I have a data set that includes some information about the status of product feature flags for a given account. It looks approximately like this
+-----------+------------------------------------------------------------------------------------+
| Account | Flags |
+-----------+------------------------------------------------------------------------------------+
| Account A | {"feature_flag_a":"enabled","feature_flag_b":"enabled"} |
| Account B | {"feature_flag_a":"enabled","feature_flag_x":"enabled","feature_flag_y":"enabled"} |
+-----------+------------------------------------------------------------------------------------+
Some information about feature flags
- They are not finite - new flags are added often
- There's many flags (up to hundreds)
From my reading, the "correct" way to model this data would be to add it to the account
dimension table like so:
+----+--------------+------------------------+------------------------+------------------------+------------------------+
| id | account_name | feature_flag_a_enabled | feature_flag_b_enabled | feature_flag_x_enabled | feature_flag_y_enabled |
+----+--------------+------------------------+------------------------+------------------------+------------------------+
| 1 | Account A | 1 | 1 | 0 | 0 |
| 2 | Account B | 1 | 0 | 1 | 1 |
+----+--------------+------------------------+------------------------+------------------------+------------------------+
However this will result in a dimension table that could be hundreds of columns wide.
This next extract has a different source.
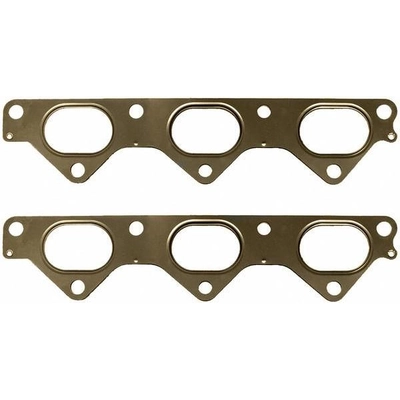 Exhaust Manifold Gasket Set by FEL-PRO - MS95082 pa2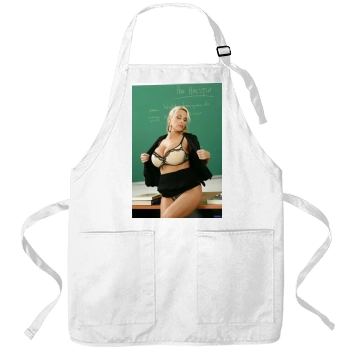 Holly Halston Apron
It'll also make it sub-optimal to answer questions like 'how many accounts have any flag enabled?' or 'how many accounts have all enabled'. Not to mention the difficulty of creating the transform in SQL with a dynamic schema.
I have tried creating a dense, long table that looks like the following:
+-------------+-------+--------+
| account_id | flag | status |
+-------------+-------+--------+
| 1 | a | 1 |
| 1 | b | 1 |
| 1 | x | 0 |
| 1 | y | 0 |
| 2 | a | 1 |
| 2 | b | 0 |
| 2 | x | 1 |
| 2 | y | 1 |
+-------------+-------+--------+
While this is useful for analysis, it doesn't really fit into a star schema.
So, my question is, how do I correctly model this data? Is columns appended to the dimension table the correct answer or is there an option I haven't considered?